(Data records)
+-------+

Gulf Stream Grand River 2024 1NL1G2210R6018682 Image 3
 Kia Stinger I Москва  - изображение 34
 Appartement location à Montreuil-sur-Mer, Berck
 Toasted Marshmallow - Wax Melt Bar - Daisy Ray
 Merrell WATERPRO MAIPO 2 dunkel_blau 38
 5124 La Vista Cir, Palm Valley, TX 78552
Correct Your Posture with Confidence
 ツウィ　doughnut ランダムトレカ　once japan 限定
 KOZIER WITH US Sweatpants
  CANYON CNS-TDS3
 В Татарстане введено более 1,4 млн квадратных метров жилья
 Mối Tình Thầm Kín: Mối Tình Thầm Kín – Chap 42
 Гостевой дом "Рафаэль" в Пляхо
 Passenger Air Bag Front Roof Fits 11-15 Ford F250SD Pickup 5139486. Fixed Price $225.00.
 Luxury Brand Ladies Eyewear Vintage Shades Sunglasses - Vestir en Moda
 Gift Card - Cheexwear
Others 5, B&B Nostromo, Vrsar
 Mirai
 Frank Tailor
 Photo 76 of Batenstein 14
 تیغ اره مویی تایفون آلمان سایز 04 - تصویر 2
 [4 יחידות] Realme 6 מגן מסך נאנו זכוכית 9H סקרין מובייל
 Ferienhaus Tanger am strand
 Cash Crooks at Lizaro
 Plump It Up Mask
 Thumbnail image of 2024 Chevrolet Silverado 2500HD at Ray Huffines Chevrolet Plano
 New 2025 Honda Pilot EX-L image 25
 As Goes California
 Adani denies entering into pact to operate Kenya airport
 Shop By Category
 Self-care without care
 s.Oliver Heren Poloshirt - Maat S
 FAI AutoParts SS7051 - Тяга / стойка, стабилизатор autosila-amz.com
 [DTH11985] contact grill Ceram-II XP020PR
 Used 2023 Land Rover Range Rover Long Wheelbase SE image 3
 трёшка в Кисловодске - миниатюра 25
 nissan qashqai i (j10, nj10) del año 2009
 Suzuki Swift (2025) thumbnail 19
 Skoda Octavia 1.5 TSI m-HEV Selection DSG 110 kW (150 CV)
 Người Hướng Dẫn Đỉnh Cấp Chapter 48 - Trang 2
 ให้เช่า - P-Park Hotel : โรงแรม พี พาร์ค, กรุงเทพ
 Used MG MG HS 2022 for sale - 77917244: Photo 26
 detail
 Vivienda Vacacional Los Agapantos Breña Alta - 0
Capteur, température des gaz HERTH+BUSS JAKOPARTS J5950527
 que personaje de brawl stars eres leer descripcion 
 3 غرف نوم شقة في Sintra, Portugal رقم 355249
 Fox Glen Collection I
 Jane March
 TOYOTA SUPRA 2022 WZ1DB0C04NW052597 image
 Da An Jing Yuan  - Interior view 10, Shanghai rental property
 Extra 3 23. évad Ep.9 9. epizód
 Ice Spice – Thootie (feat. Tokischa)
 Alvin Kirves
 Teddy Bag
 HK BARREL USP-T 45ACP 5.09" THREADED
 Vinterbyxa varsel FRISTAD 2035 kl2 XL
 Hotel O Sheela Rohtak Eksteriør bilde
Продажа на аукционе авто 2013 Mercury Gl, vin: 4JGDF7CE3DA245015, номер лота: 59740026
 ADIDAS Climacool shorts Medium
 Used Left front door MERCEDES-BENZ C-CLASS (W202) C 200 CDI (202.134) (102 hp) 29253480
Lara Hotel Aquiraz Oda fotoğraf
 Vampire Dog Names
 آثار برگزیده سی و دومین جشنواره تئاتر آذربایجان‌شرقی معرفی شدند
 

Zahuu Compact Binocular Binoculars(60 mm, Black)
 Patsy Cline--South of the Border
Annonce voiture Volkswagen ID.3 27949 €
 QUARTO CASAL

+-------+

* **PROBLEM DESCRIPTION**
Working from the entries above, find every line in which the word "Photo" occurs and copy it.

* **RESULT**
 Photo 76 of Batenstein 14
 Used MG MG HS 2022 for sale - 77917244: Photo 26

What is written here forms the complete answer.